__Exercise instructions__: From the records below, transcribe exactly the lines that begin at the line with "1FAHP2E86KG****** Salvage and" and end at the line with "1482 Smyrna Rd", both included.

__Record excerpts__:
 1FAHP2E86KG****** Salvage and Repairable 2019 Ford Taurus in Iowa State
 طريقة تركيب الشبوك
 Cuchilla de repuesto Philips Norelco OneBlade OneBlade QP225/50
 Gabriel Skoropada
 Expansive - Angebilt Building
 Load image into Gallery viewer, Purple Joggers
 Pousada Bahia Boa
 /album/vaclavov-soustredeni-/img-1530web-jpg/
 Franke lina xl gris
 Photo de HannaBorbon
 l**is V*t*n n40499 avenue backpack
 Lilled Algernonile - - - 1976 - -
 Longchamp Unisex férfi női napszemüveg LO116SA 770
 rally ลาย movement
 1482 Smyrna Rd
---
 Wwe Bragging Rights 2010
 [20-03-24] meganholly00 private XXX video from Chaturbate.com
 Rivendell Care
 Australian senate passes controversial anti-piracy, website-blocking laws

__Response__:
 1FAHP2E86KG****** Salvage and Repairable 2019 Ford Taurus in Iowa State
 طريقة تركيب الشبوك
 Cuchilla de repuesto Philips Norelco OneBlade OneBlade QP225/50
 Gabriel Skoropada
 Expansive - Angebilt Building
 Load image into Gallery viewer, Purple Joggers
 Pousada Bahia Boa
 /album/vaclavov-soustredeni-/img-1530web-jpg/
 Franke lina xl gris
 Photo de HannaBorbon
 l**is V*t*n n40499 avenue backpack
 Lilled Algernonile - - - 1976 - -
 Longchamp Unisex férfi női napszemüveg LO116SA 770
 rally ลาย movement
 1482 Smyrna Rd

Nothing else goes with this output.